Work required:
Print exactly the lines from the one containing "Multifunctional Small Walnut" through the last line of the records below, both included, and nothing else; omit any pictures.

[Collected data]
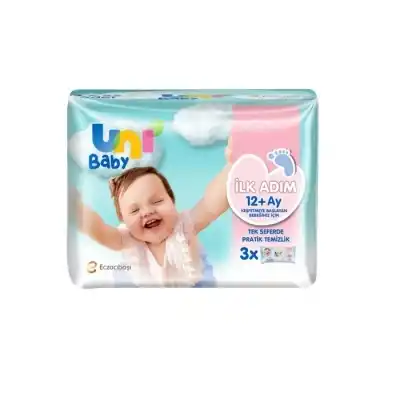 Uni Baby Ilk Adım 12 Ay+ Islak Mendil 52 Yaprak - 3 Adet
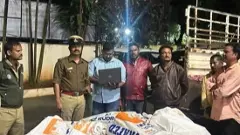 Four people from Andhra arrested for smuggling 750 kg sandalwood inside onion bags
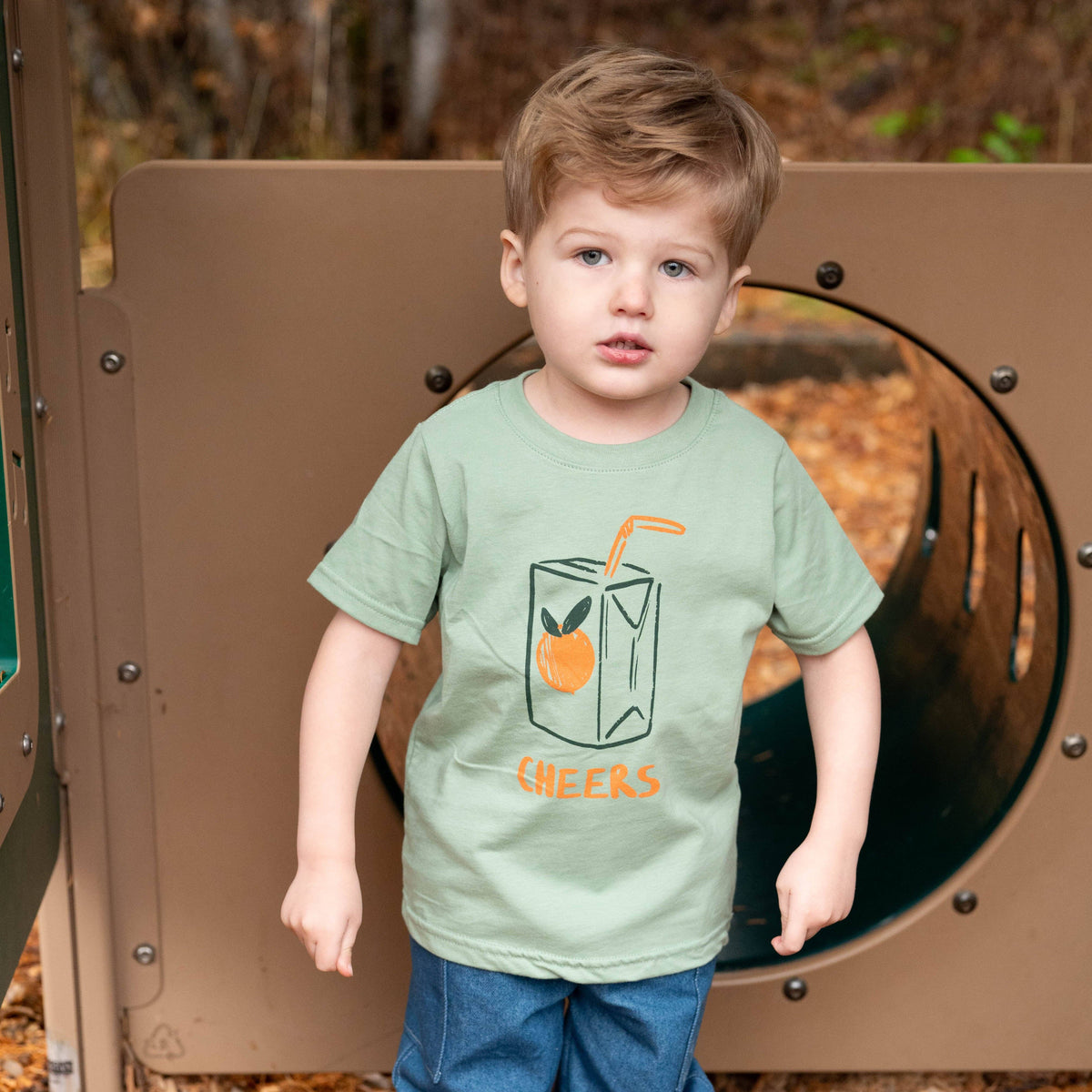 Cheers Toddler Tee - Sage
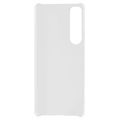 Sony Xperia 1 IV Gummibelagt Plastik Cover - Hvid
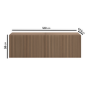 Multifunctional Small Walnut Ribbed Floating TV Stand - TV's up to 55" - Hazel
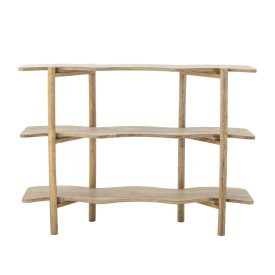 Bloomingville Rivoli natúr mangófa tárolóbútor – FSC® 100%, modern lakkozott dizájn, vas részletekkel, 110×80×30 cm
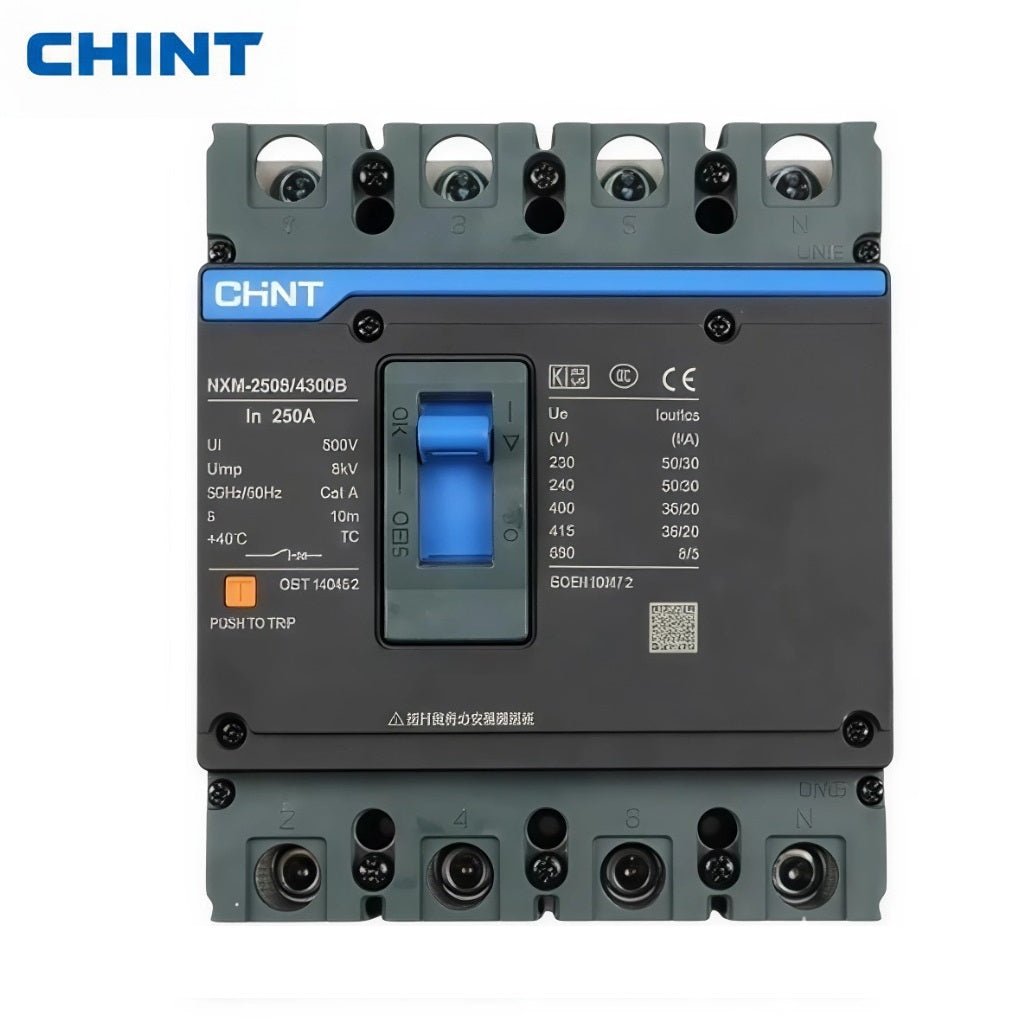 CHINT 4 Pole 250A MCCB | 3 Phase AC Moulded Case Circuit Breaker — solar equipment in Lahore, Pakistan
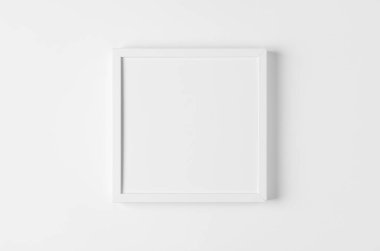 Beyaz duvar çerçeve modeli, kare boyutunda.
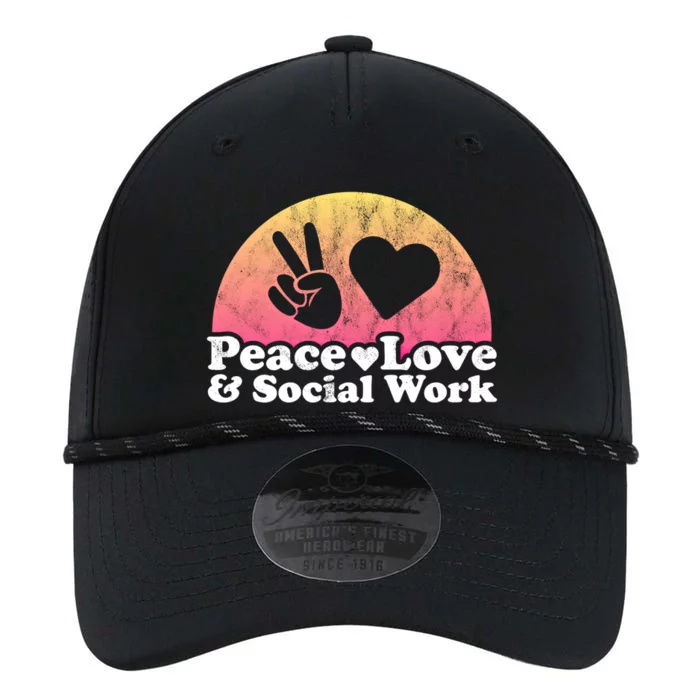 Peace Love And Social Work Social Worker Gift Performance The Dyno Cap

Exercise response:
 Multifunctional Small Walnut Ribbed Floating TV Stand - TV's up to 55" - Hazel
 Bloomingville Rivoli natúr mangófa tárolóbútor – FSC® 100%, modern lakkozott dizájn, vas részletekkel, 110×80×30 cm
 CHINT 4 Pole 250A MCCB | 3 Phase AC Moulded Case Circuit Breaker — solar equipment in Lahore, Pakistan
 Beyaz duvar çerçeve modeli, kare boyutunda.
 Peace Love And Social Work Social Worker Gift Performance The Dyno Cap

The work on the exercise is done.